Oranges, by God. The Kennebec Fruit Company once sold actual fruit. Who knew?
I started across the street, then pulled back as an inter-city bus snored toward me. The route sign above the divided windshield read LEWISTON EXPRESS. When the bus braked to a stop at the railroad crossing, I saw that most of the passengers were smoking. The atmosphere in there must have been roughly akin to the atmosphere of Saturn.
Once the bus had gone on its way (leaving behind a smell of half-cooked diesel to mix with the rotten-egg stench belching from the Worumbo’s stacks), I crossed the street, wondering briefly what would happen if I were hit by a car. Would I blink out of existence? Wake up lying on the floor of Al’s pantry? Probably neither. Probably I would just die here, in a past for which a lot of people probably felt nostalgic. Possibly because they had forgotten how bad the past smelled, or because they had never considered that aspect of the Nifty Fifties in the first place.
A kid was standing outside the Fruit Company with one black-booted foot cocked back against the wood siding. The collar of his shirt was turned up at the nape of his neck, and his hair was combed in a style I recognized (from old movies, mostly) as Early Elvis. Unlike the boys I was used to seeing in my classes, he sported no goatee, not even a flavor patch below the chin. I realized that in the world I was now visiting (I hoped I was only visiting), he’d be kicked out of LHS for showing up with even a single strand of facial hair. Instantly.
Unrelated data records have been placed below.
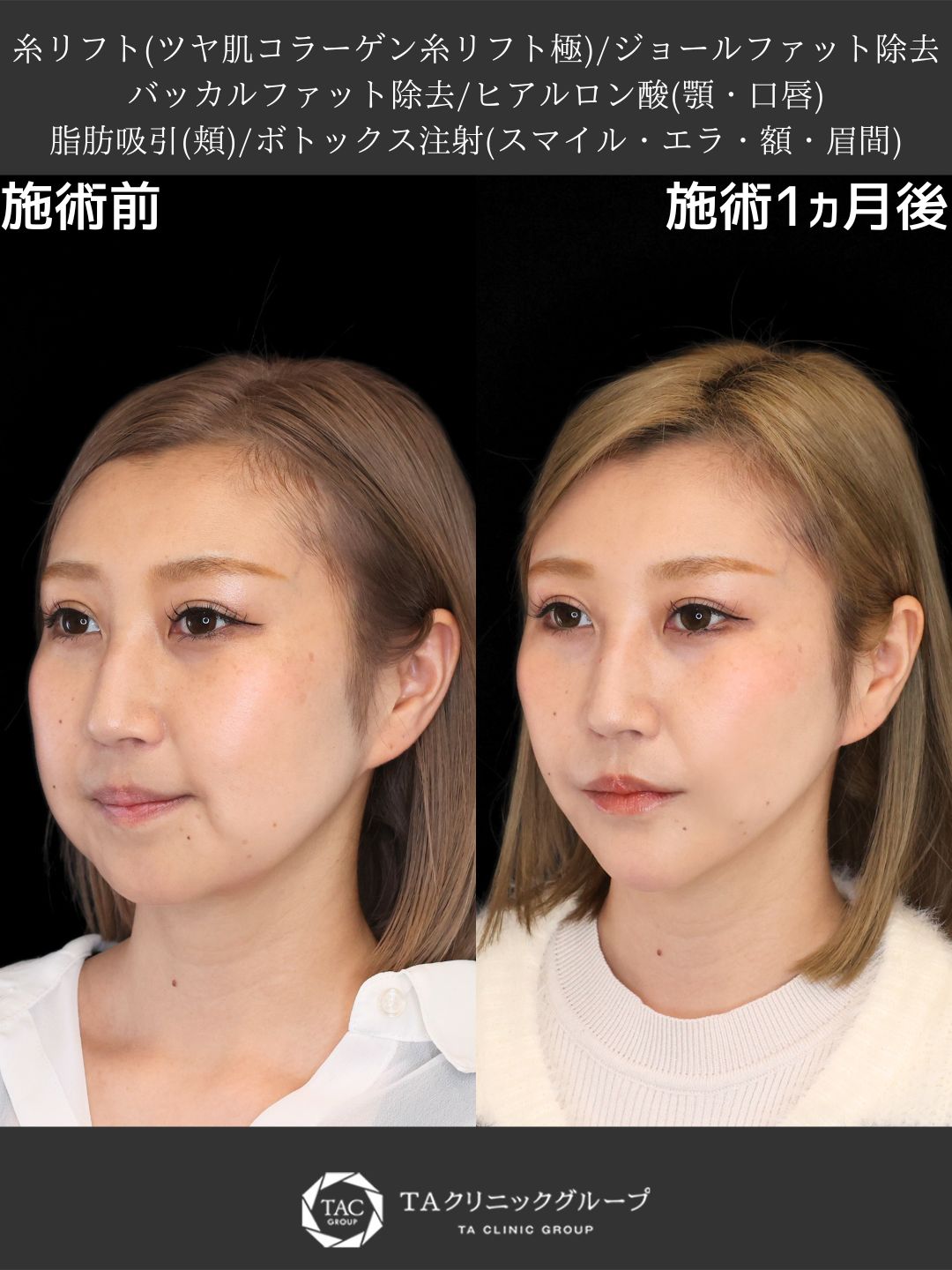 TAC式 ツヤ肌コラーゲンリフト®/ジョールファット除去/バッカルファット除去の症例写真 施術前後 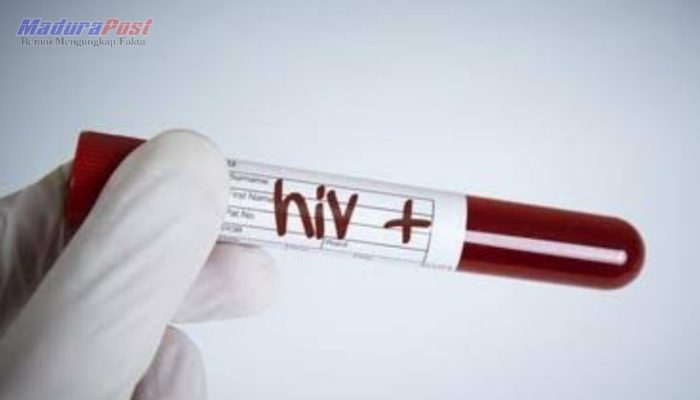 Ada 60 Warga Positif HIV, Dinkes P2KB Sumenep Sebut Tidak Ada Obat Penyembuhan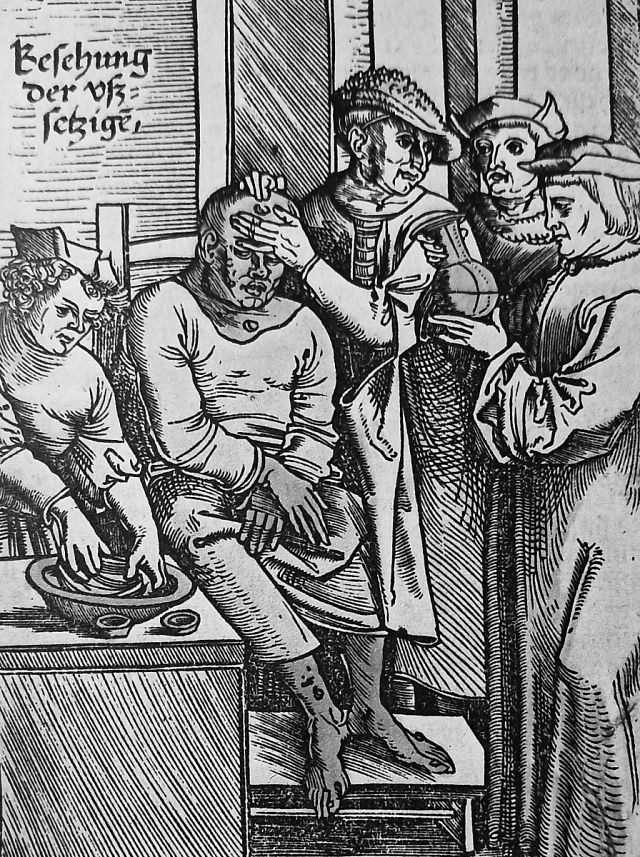 Diagnostikování lepry ve středověku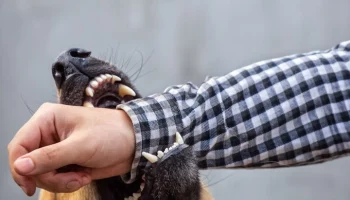 Пострадавшую от нападения собак в Николаевске-на-Амуре доставят в Хабаровск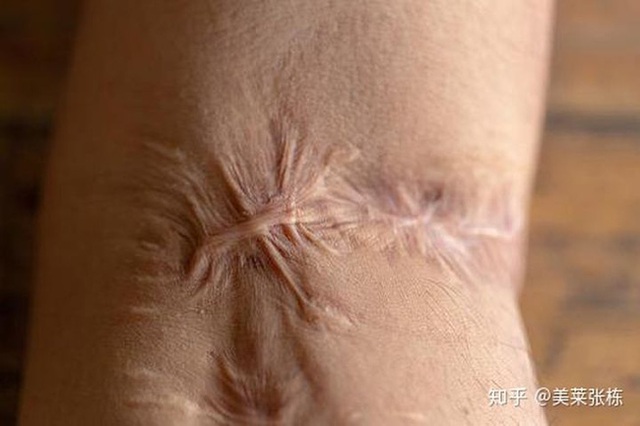  Một vết sẹo của người phụ nữ đã phát triển thành ung thư, Bác sĩ nhắc nhở: 3 loại sẹo trên cơ thể cần được điều trị nhanh chóng  - Ảnh 4.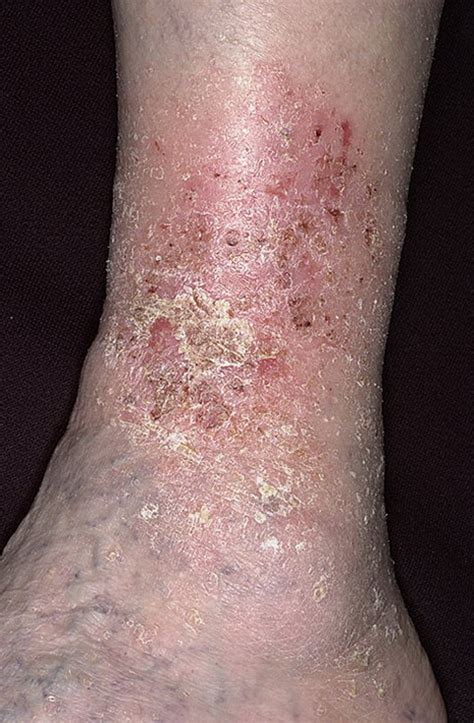 Stasis Dermatitis On Legs Pictures 174 Photos And Images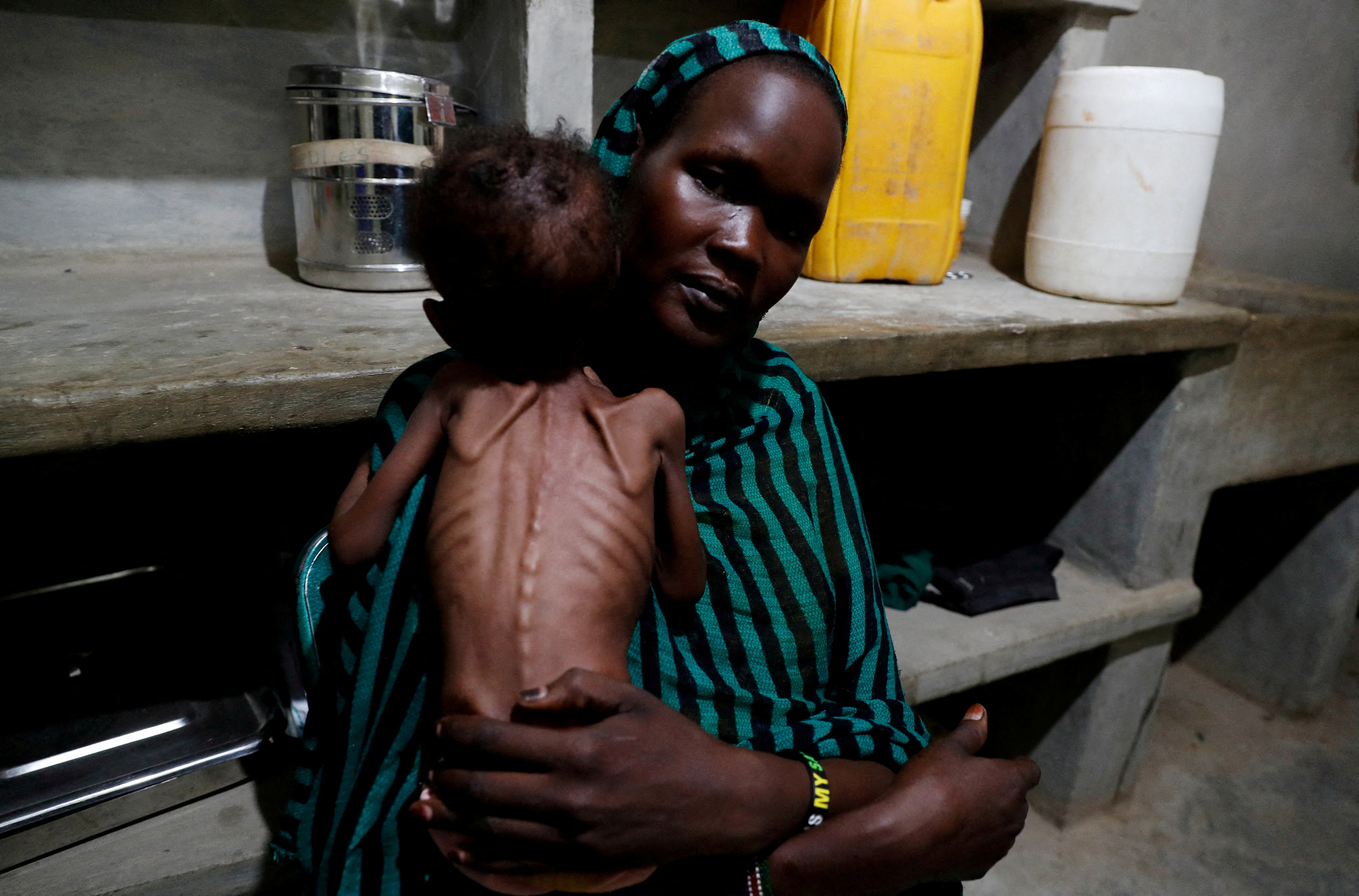 FILE PHOTO: A mother holds her severely malnourished child in South Kordofan, Sudan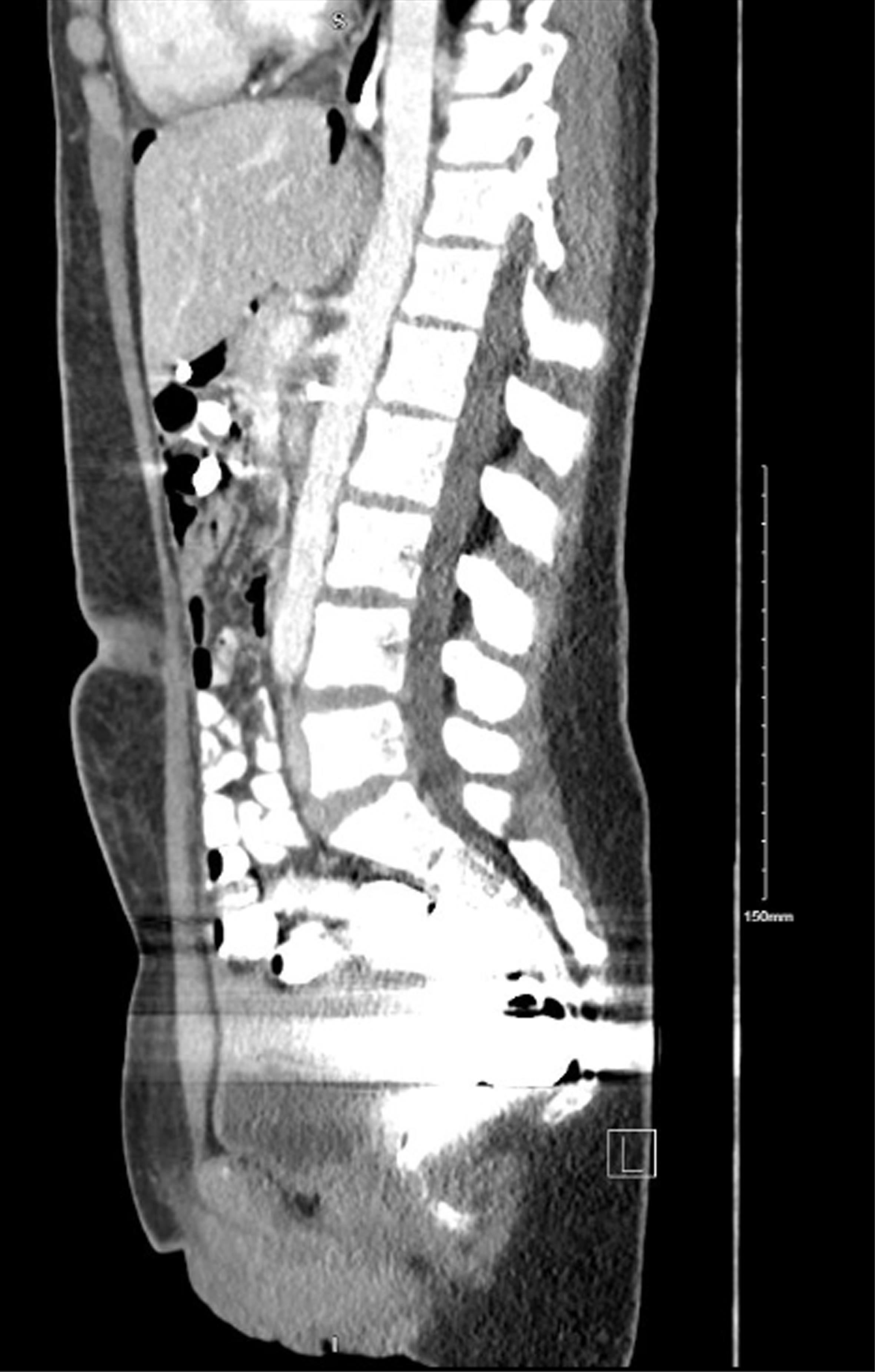 Sagittal view CT abdomen and pelvis for re-evaluation of SMA syndrome on postoperative day 4.
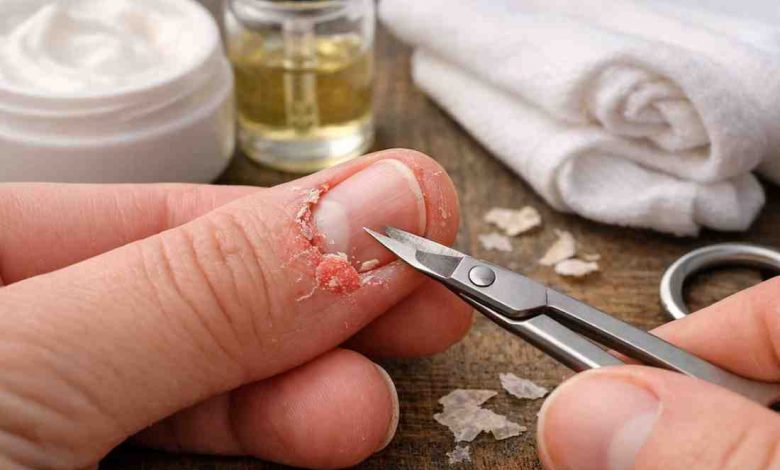 Broken Skin Around Nails 9 Frustrating Causes Ive Seen and What Actually Helps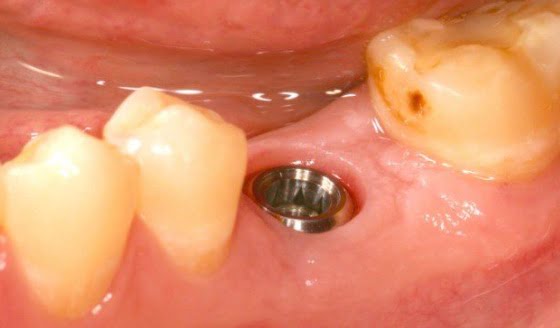 implantes nos dentes do fundo 5 - implante e gengiva
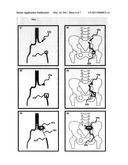 MEDICAL IMAGE PROCESSING DEVICE, MEDICAL IMAGE PROCESSING METHOD, AND MEDICAL IMAGE PROCESSING PROGRAM diagram and image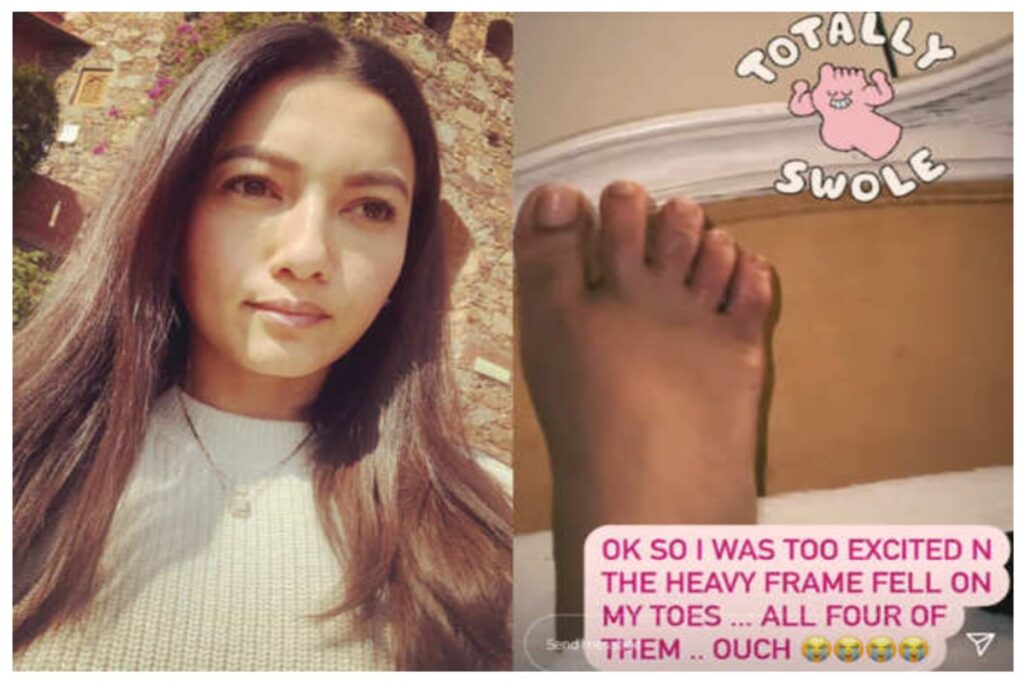 Gauahar Khan hurt after heavy photo frame falls on her feet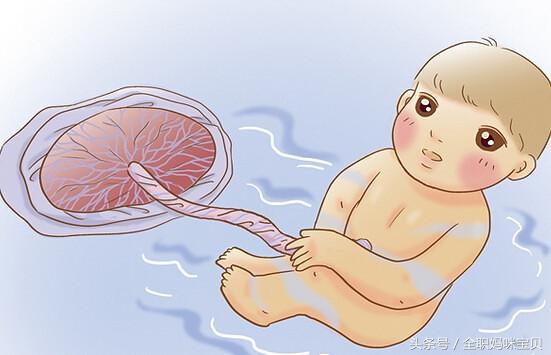 脐带绕颈不要慌,脐带绕颈准妈妈羊水少怎么办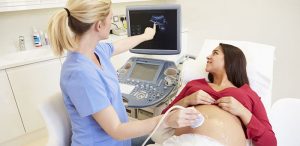A woman is having a private ultrasound scan and the sonographer is pointing at the sonogram on the ultrasound scanner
I nodded to him. James Dean nodded back and said, “Hi-ho, Daddy-O.” I went inside. A bell jingled above the door. Instead of dust and gently decaying wood, I smelled oranges, apples, coffee, and fragrant tobacco. To my right was a rack of comic books with their covers torn off— Archie, Batman, Captain Marvel, Plastic Man, Tales from the Crypt. The hand-printed sign above this trove, which would have sent any eBay aficionado into paroxysms, read COMIX 5¢ EA THREE FOR 10¢ NINE FOR A QUARTER PLEASE DON’T HANDLE
UNLESS YOU INTEND TO BUY.
On the left was a rack of newspapers. No New York Times, but there were copies of the Portland Press Herald and one leftover Boston Globe. The Globe’s headline trumpeted, DULLES
HINTS CONCESSIONS IF RED CHINA RENOUNCES USE OF FORCE IN FORMOSA.
The dates on both were Tuesday, September 9, 1958.
5
I took the Globe, which sold for eight cents, and walked toward a marble-topped soda fountain that did not exist in my time. Standing behind it was Frank Anicetti. It was him all right, right down to the distinguished wings of gray above his ears. Only this version—call him Frank 1.0
—was thin instead of plump, and wearing rimless bifocals. He was also taller. Feeling like a stranger in my own body, I slid onto one of the stools.